I have been critiqued about exagarating about global warming hype. Is there a hype? Why be so aggressive against it?

This is partly why. Lomborg’s crime is only presenting a case and stating an opinion. What happens next is a witch hunt:

http://www.justmorons.com/articles/day040422.html

Danish scientist Bjorn Lomborg, who has recently been compared to Adolf Hitler by the Chairman of the U.N.'s Climate Panel

but:

http://www.techcentralstation.com/051104C.html

Adolf Lomborg
(…)
What Pachauri apparently objects to is that Lomborg concludes that the Kyoto Protocol would do almost nothing to reduce the rate of global warming, but at enormous expense. For a fraction of the costs of Kyoto, many pressing environmental problems afflicting poor countries could be addressed.

This is hardly Nazi thinking, but it is not the first time the Nazi analogy or something like it has been directed at Dr. Lomborg. The British scientific journal Nature, for instance, in November 2001 published a review of The Skeptical Environmentalist by Stuart Pimm of the Center for Environmental Research and Conservation, Columbia University, and Jeff Harvey of the Centre for Terrestrial Ecology, Netherlands Institute of Ecology. They said, "The text employs the strategy of those who, for example, argue that gay men aren't dying of AIDS, that Jews weren't singled out by the Nazis for extermination, and so on."


http://www.indymedia.org.uk/en/2001/09/10809.html

Anti-environmentalist author Bjorn Lomborg's book, the Skeptical Environmentalist, argues for continued exploitation of people and natural resources - and against attempts to control climate change, deforestation, waste etc. At a book launch in Oxford, Mark Lynas - who is writing a book on climate change issues - stuck a pie in his face - describing Lomborg's attitude as dangerous nonsense, feeding into the hands of the corporations like Esso.

http://wais.stanford.edu/Environment/environment_andbjornlomborg3502.html

You will remember that in a message a colleague of Bjorn Lomborg, a Professor of Statistics at the University of Aarhus, Denmark, denounced him as a disgrace to Denmark, and, worse still, a political scientist. not a statistician.

http://www.rense.com/general20/profitsAL.htm

Bjorn Lomborg - young, blond, piano-playing, but basically a statistics nerd - may not be back soon. He has just succeeded Monsanto as the official chief villain of the world environmental movement

http://bizarrescience.blogspot.com/2003_09_21_bizarrescience_archive.html

Lomborg is a crook brought out by what every communard knows is a 'right-wing think tank'.

This is how it works:
http://www.spiked-online.com/Articles/00000002D3C6.htm

For example, rather than argue with Lomborg's figures on their own terms, Pimm and Harvey simply associated him with Holocaust-deniers, thereby branding his views as beyond the pale.
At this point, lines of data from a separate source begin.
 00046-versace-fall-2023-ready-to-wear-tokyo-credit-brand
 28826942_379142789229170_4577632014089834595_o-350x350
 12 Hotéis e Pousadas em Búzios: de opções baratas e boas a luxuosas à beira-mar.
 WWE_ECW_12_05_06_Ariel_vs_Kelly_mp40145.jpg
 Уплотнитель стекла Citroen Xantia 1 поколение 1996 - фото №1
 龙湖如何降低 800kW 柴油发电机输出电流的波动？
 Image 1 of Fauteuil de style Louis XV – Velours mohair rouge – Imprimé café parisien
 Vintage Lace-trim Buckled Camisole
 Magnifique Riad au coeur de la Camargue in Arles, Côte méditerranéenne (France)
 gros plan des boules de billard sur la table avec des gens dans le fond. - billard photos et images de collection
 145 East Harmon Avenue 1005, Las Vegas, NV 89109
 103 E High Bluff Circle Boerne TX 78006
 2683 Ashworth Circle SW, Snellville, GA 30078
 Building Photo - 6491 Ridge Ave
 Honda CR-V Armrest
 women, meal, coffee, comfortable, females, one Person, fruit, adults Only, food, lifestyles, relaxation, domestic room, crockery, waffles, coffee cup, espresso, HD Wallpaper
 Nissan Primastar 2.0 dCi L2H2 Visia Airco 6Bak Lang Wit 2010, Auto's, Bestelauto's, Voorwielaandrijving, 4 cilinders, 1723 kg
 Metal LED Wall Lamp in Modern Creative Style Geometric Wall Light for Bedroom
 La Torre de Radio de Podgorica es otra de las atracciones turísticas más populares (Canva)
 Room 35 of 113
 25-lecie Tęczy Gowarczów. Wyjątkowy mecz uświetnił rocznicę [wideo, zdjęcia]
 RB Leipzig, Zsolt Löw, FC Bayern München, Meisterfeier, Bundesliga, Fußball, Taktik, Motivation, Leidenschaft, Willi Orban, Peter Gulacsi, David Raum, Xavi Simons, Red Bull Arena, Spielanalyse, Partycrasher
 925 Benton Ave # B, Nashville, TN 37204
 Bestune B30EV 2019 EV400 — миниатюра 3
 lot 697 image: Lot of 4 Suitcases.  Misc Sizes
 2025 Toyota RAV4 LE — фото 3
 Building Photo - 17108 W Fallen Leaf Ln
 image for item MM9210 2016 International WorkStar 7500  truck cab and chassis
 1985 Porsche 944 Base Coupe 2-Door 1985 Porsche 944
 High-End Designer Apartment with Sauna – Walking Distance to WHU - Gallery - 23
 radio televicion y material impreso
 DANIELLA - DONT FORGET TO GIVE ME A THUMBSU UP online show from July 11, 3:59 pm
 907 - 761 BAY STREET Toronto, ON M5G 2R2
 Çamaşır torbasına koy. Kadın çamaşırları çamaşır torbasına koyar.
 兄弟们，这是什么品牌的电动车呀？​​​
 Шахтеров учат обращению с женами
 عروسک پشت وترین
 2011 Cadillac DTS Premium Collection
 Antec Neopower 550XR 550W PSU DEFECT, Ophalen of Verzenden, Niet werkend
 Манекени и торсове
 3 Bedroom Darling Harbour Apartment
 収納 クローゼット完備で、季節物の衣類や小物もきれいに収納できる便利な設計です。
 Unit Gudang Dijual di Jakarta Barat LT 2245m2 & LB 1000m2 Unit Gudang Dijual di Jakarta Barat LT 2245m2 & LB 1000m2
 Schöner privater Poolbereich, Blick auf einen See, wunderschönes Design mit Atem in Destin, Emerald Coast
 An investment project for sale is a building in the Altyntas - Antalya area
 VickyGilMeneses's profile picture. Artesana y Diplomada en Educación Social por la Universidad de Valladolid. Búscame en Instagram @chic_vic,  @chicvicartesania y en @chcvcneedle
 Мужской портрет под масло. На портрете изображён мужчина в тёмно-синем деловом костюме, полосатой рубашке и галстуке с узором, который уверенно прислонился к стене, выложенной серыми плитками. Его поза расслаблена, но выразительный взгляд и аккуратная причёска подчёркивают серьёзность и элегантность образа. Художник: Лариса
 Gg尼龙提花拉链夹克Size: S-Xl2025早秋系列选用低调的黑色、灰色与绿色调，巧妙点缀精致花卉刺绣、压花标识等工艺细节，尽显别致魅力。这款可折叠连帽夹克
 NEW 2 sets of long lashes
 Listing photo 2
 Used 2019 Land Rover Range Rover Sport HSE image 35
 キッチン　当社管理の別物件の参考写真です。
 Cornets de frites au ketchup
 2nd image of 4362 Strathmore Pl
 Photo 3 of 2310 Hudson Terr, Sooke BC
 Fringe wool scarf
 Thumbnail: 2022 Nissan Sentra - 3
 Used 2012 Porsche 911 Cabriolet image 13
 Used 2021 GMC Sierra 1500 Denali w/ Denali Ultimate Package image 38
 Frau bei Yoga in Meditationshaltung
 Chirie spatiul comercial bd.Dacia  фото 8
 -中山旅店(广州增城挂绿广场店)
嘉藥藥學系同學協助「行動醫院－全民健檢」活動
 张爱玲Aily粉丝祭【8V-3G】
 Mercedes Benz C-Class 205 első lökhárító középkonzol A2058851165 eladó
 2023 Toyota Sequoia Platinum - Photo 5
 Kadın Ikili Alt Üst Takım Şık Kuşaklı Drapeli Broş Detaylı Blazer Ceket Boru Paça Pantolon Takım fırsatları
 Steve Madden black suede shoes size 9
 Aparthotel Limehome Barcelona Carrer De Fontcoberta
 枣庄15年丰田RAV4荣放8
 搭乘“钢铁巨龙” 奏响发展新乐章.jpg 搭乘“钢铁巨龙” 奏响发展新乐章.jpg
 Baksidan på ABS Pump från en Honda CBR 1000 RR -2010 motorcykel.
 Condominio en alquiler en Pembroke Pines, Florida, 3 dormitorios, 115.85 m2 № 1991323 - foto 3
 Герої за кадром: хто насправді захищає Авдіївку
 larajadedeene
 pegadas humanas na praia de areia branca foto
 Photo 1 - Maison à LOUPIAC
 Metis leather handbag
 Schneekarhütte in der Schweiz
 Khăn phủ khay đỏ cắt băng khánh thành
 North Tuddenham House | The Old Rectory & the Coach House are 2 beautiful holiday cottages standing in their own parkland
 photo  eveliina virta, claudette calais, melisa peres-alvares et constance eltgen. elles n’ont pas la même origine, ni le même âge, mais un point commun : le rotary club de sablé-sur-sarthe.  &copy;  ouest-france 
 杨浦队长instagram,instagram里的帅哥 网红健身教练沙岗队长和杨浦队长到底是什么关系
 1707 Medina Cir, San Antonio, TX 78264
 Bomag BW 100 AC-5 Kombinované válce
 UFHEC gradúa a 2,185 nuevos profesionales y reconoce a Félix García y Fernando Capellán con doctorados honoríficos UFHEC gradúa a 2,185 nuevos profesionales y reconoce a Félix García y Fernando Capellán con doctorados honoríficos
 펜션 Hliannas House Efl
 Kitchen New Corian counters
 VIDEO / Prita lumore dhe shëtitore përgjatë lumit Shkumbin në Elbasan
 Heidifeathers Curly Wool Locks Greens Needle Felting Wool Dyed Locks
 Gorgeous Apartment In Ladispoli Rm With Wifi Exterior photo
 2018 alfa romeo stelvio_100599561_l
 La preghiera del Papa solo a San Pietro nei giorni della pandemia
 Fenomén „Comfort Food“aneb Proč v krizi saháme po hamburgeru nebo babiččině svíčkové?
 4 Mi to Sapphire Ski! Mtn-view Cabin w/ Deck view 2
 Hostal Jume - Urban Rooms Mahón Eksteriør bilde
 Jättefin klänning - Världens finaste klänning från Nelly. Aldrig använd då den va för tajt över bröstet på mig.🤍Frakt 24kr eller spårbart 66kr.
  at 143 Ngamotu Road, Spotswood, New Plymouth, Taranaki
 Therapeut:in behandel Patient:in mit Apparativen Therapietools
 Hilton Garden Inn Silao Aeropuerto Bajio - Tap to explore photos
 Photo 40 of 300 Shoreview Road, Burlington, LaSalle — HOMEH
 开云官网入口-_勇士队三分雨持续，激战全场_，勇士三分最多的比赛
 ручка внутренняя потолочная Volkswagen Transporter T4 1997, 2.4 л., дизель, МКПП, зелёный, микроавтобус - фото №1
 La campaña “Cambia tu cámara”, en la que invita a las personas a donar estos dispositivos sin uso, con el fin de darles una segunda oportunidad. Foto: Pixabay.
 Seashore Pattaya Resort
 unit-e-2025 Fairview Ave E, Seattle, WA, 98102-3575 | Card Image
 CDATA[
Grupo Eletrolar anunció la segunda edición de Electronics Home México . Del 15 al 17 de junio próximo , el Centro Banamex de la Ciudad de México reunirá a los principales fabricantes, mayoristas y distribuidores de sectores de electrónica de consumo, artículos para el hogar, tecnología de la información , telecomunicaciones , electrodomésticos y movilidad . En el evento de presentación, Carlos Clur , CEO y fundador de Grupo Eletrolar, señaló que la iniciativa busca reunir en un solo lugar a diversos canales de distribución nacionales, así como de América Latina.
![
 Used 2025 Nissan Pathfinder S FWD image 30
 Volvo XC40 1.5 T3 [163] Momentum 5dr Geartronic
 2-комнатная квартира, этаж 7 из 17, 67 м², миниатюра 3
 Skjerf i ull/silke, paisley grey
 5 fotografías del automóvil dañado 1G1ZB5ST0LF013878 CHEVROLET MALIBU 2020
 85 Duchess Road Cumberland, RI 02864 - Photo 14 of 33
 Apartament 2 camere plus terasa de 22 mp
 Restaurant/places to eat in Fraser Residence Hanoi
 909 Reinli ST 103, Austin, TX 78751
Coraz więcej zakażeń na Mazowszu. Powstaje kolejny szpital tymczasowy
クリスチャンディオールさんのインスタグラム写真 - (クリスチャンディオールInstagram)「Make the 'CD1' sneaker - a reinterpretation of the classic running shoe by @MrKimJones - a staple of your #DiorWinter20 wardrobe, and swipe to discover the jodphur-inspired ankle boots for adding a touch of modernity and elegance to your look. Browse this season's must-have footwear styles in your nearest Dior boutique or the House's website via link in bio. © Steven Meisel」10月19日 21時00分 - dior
And in the case of the Kosovo conflict, as playwright Harold Pinter pointed out, the UK government's claim that the Kosovo conflict was 'a replay of the Holocaust and Milosevic is Adolf Hitler', was effectively saying, 'We tell the truth. They lie'.

and this is why:

http://unfundedmandate.blogspot.com/2004/05/bjorn-lomborg-is-not-nazi.html

Mr. Lomborg has been subjected to countless attacks on his character because the environmentalists opposing him don't have a substantive leg to stand on.

Global warming is no hype…. Err?

There should be a day that ad hominems turn against the attackers. Is it only in fairy tales that the little boys exclaiming: “look mummy, the emperor wears no clothes” are believed. In the real world, we shoot the messengers.